**DATA BELOW:**

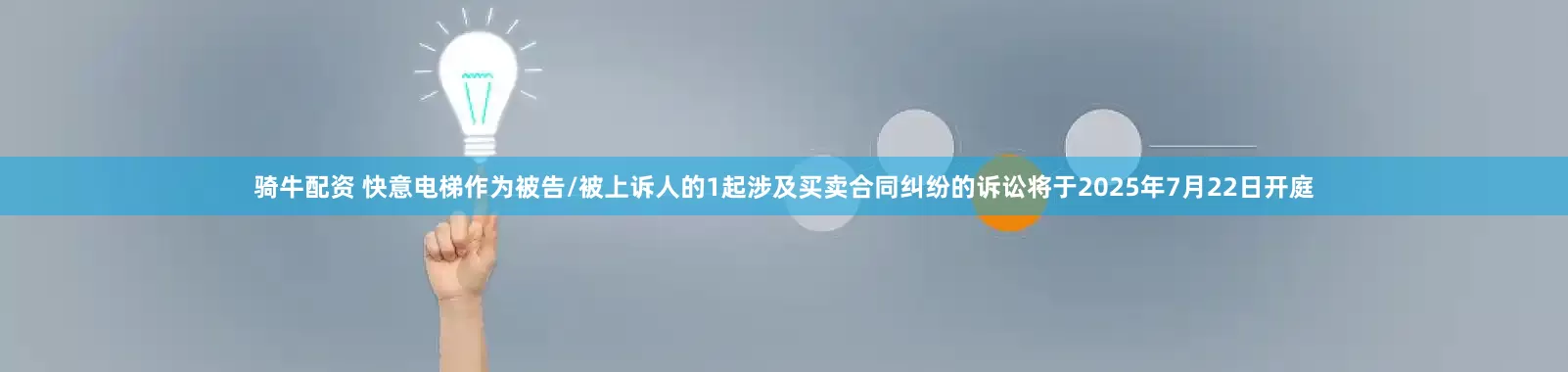 骑牛配资 快意电梯作为被告/被上诉人的1起涉及买卖合同纠纷的诉讼将于2025年7月22日开庭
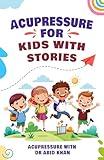 Acupressure For Kids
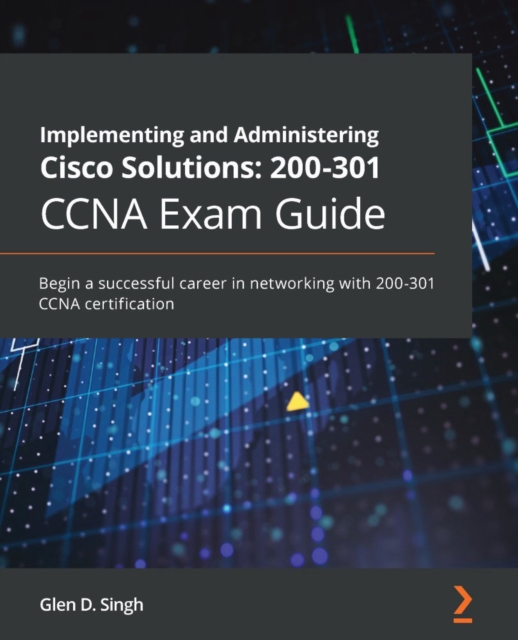 Implementing and Administering Cisco Solutions: 200-301 CCNA Exam Guide : Begin a successful career in networking with CCNA 200-301 certification, EPUB eBook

**TASK BRIEF:** None of the pictures belong in the copy; repeat all other material exactly.

**ANSWER SECTION:**
 骑牛配资 快意电梯作为被告/被上诉人的1起涉及买卖合同纠纷的诉讼将于2025年7月22日开庭
 Acupressure For Kids
 Implementing and Administering Cisco Solutions: 200-301 CCNA Exam Guide : Begin a successful career in networking with CCNA 200-301 certification, EPUB eBook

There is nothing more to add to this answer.